I was recently saddened to wake to the news that Peter Fonda had died. At my age it has become a regular occurrence, almost daily, to hear about a dear friend, acquaintance, associate, or a boyhood hero checking out of this world.

When I lived in Los Angeles for nine years I was very fortunate to have met a large number of actors, musicians and directors that’d inspired me during my formative years. Some of them became friends, others I’d see around here or there and we’d give a nod and a smile. They were mostly nice people dealing with their own pressures, families, problems and all those things we too juggle. Just on a much bigger scale. The few I encountered that were mean or monsters were the pretenders. The ones who’d seized a spotlight or some power through bluff, marketing or manipulation.

The bigger the talent, the nicer the person is what I found. Mostly.

Which brings me back to Peter Fonda. I only met him once. It was in one of my favourite books stores, Book Soup, on Sunset Boulevard, and I was browsing the latest releases when Peter came in with some people and they began setting up a table for him to do some book signings for his autobiography, “Don’t Tell Dad.” The title referring to his father, the legendary actor Henry Fonda, who was described by his children as being strict, uncommunicative, and unaffectionate. He never told them, ever, that he loved them. One of those closed men from an era when it was deemed unmanly to show your feelings. Perhaps this explains why both Peter and his sister Jane became rebels. Pushing the boundaries, striving to achieve and seeking approval from others. Running wild in Hollywood.

Peter had nothing in common with his father other than looks. I chatted with him that day and he was a genuinely nice, kind, loving individual. Before the crowd arrived he even signed a complimentary copy of his book for me. He was a hippie, spiritually, until the end.

Carving out a film career had been difficult for Peter. When he started out he had to stand in the very large overpowering shadow of his father. Remembered not for his work, but for being Henry Fonda’s son. Then later, he would be referred to as Jane Fonda’s brother. It must’ve been a creatively lonely and humbling existence for him. In fact, in most of his early films he looks stilted and uncomfortable, devoid of any identity of his own.  If the trick to great acting is total relaxation, he was a long way from it.

Not making much of an impression in movies such as “Tammy and the Doctor” “The Young Lovers” and other forgettable fluffy fare, the offers dried up as he sat on the sidelines watching his father continue to shine in major movies, and his sisterJane soar in one film after another. It must’ve hurt Peter to have been thought of as the “loser” of the family, but perhaps those forces also shaped him as the gentle, unassuming, empathetic, kind man he became. He knew, in his own way, what it was like to suffer. To be ignored. Or dismissed.
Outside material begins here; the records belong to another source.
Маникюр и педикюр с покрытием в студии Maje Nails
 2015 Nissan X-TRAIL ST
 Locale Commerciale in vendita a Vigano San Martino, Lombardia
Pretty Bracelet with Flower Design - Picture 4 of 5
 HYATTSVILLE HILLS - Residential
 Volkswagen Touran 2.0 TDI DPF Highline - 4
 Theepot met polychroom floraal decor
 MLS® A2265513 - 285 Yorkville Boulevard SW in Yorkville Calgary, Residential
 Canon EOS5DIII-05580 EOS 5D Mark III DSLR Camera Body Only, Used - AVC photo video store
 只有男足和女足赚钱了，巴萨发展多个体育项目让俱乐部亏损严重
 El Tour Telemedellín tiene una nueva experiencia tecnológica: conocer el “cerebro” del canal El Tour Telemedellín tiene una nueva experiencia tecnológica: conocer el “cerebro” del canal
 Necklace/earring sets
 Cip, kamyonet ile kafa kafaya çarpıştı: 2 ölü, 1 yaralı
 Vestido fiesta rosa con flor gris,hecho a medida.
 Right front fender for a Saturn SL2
Like many outsiders of the big slick Hollywood machine, Peter stumbled into the conveyor-belt Roger Corman “B” grade movie productions churned out for drive-in market. These exploitation films had budgets less than what real movies spent on catering. Some of them were shot in two days! And those that worked on them, usually had two or more jobs to perform. But Peter joined an illustrious company of other young, eager outsiders who couldn’t get a break in mainstream movies either. People like Jack Nicholson, Francis Coppola, Robert DeNiro, Bruce Dern, etc.

The brilliant thing about the Corman movies was that you learnt on the job, from experience, seeing yourself on the big screen and seeing what worked and what didn’t. You can now observe in these mostly crappy movies how Fonda and Nicholson go from stilted, self-conscious actors to guys who  become so comfortable in front of a camera, their true self shines through and magic is born. We see this in Fonda’s performances in “The Wild Angels,” and the LSD fuelled “The Trip.”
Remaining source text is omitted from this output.